O’Neal One used to gleam brighter in earth’s night sky as a testament to humanity’s best and worst intentions. A giant torus wheel able to support 20,000 people, it was the first built and the first ruined. Returning miners, starved and angry, kicked out the rich genetic nightmares who had slowly overtaken O’Neal by graft and intimidation. The first Independent Community began here. The War followed.

 

Sgt. Latif, now 35 in Earth years, patrols O’Neal One with her helmet on and radio down, hearing her breathing and light chatter from Bravo Company. Full suits are required in the open. The Air Force attack on O’Neal had left the colony airless and abandoned. Two years later New Maldive asked for statehood amid both dread and fervor.  She has another receiver in her helmet and, out here by herself, she tunes in, direct input to her brain from a clandestine source unimaginably far away.

 

Official word is that the repairs will restore the once proud colony. Words can belie truth during war. Here especially. O’Neal is almost empty, save the military camp, a burgeoning prison and cheaply pressurized living quarters. The overweight tycoons that once lived in indolence here will not be returning, one way or another. It will be a prison camp. Rumor is that the Indies are losing the Rock colonies completely. If anyone surrenders, here they’ll stay -- right where it all began.

 

Patrols occupy their time as well as they can in desolate areas. Latif started a collection of Independent propaganda she’d found in an airless home, at first as a souvenir, later as words committed to memory.

 

Three weeks ago, plasma fire tore into one of three great window panels at New Maldive.

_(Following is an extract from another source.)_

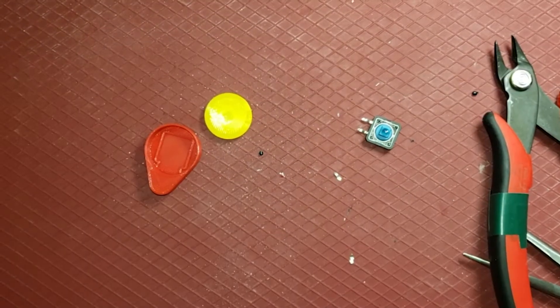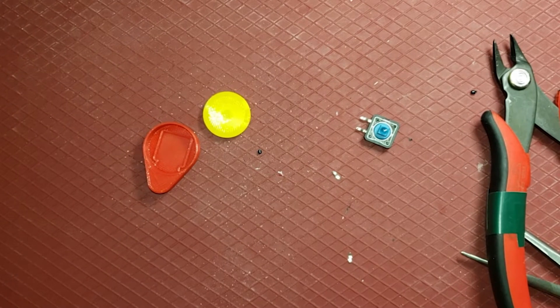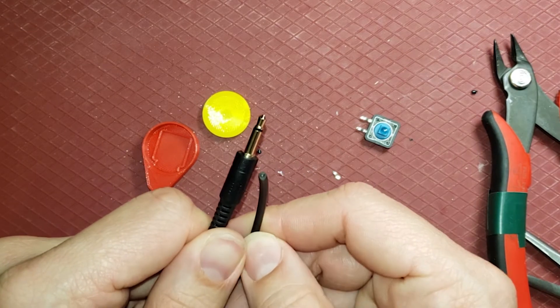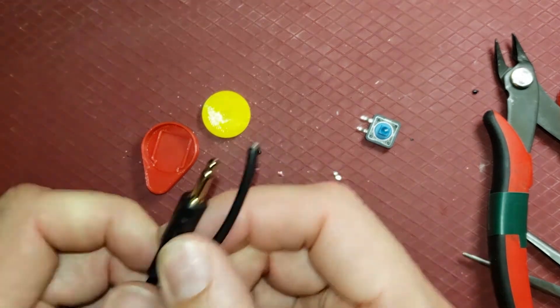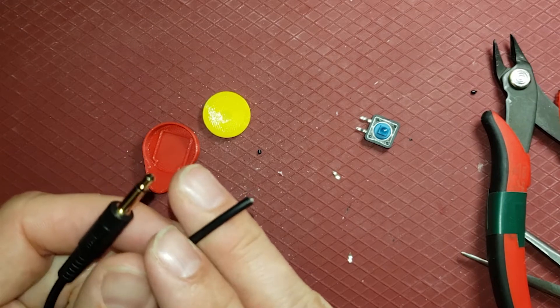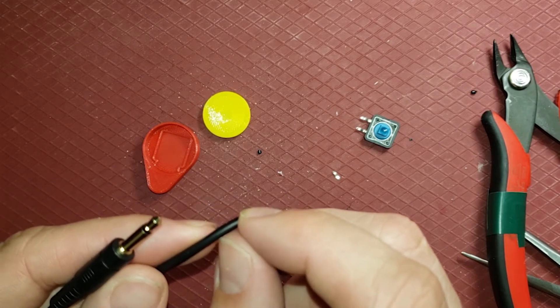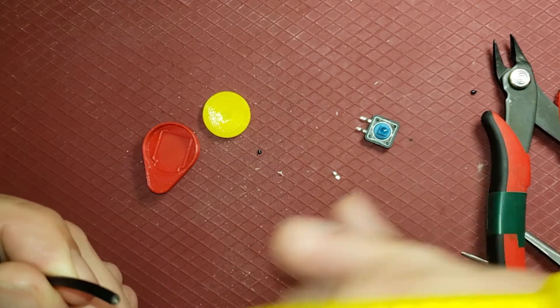With my mono cable here, you can get a longer mono cable cut in half and you get enough for two switches. I'm going to use my wire strippers here, strip off a couple of centimeters, and then from there I'll strip off a bit of the insulating wire on the inside.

None survived. Most news channels reported a rogue Indie gunship made it past the American defenses and tore the gap in a suicide attack. There are whispers here and there. There are rumors that New Maldive was about to secede from the U.S. There were dead reporters and networks suddenly gone silent. There were final communications from her parents so redacted by intel that they didn’t make sense. There were 100,000 people who had their screams stolen from them. Her parents were among them.

 

Latif sits in the hanger bay, her shuttle ready as well as her mind. Her body will never be ready for Earth.

 

No matter. Getting the antimatter bomb into the cargo hold was ungainly work. Instructions from her contact in the Oort Cloud had given her the info she needed to build it. Her platoon and everyone else in O’Neal died from poisoned air tanks.

 

The hangar opens. There is no sound. The shuttle drifts off towards the bright planet below with its squat, barbarian killers; a land of eternal conflict. The shuttle descends into atmosphere and crosses into morning over North America. Today a new sun will rise for many, and for them, like Latif, there will be no other.